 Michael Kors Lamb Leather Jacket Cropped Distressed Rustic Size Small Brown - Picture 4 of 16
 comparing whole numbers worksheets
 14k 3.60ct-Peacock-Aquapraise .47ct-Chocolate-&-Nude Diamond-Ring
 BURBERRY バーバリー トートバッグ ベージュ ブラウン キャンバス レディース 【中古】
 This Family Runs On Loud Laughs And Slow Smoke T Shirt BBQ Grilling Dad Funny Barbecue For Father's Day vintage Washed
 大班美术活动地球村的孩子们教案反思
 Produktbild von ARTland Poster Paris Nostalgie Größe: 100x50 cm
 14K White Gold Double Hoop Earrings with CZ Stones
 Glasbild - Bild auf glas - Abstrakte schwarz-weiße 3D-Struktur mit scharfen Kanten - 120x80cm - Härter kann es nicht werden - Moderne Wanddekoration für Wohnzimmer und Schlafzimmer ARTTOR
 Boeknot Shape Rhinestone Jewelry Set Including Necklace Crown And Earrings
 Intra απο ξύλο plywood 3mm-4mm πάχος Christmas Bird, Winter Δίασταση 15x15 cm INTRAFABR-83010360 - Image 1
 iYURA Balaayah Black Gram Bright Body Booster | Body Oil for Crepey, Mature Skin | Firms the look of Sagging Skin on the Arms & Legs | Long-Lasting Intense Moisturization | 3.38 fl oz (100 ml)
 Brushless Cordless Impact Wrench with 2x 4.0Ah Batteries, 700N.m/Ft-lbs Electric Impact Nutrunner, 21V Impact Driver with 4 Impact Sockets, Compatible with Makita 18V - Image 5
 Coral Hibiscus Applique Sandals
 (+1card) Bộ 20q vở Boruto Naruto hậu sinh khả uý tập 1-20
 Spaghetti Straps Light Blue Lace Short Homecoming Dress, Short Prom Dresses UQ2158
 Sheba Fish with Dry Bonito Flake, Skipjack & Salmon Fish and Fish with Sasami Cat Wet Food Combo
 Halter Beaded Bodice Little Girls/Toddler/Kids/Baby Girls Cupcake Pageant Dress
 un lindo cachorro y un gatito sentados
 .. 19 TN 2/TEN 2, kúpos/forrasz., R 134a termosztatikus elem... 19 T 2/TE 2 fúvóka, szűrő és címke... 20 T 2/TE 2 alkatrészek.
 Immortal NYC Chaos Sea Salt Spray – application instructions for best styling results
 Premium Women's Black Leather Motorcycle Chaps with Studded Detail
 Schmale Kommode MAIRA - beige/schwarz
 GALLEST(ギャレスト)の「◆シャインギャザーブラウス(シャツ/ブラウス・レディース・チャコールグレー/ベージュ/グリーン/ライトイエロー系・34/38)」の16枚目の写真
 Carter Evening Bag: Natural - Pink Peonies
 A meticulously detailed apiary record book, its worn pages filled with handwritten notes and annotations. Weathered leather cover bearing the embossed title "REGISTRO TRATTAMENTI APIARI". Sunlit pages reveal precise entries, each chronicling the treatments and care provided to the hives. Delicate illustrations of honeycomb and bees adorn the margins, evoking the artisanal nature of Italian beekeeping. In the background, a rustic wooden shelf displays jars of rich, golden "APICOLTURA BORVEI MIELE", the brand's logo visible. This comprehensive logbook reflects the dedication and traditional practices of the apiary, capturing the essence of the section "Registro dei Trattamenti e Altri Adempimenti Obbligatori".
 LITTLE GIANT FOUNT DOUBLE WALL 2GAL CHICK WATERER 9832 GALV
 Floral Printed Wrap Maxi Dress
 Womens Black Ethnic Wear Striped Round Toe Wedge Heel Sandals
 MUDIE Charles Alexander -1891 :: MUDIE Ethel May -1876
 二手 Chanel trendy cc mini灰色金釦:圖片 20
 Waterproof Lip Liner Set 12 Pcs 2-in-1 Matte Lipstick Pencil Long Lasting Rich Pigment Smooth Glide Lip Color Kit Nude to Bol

■ Your task ■
Scan the records above for the string "This", then select every line that holds it.

■ Reply to the task ■
 This Family Runs On Loud Laughs And Slow Smoke T Shirt BBQ Grilling Dad Funny Barbecue For Father's Day vintage Washed
 A meticulously detailed apiary record book, its worn pages filled with handwritten notes and annotations. Weathered leather cover bearing the embossed title "REGISTRO TRATTAMENTI APIARI". Sunlit pages reveal precise entries, each chronicling the treatments and care provided to the hives. Delicate illustrations of honeycomb and bees adorn the margins, evoking the artisanal nature of Italian beekeeping. In the background, a rustic wooden shelf displays jars of rich, golden "APICOLTURA BORVEI MIELE", the brand's logo visible. This comprehensive logbook reflects the dedication and traditional practices of the apiary, capturing the essence of the section "Registro dei Trattamenti e Altri Adempimenti Obbligatori".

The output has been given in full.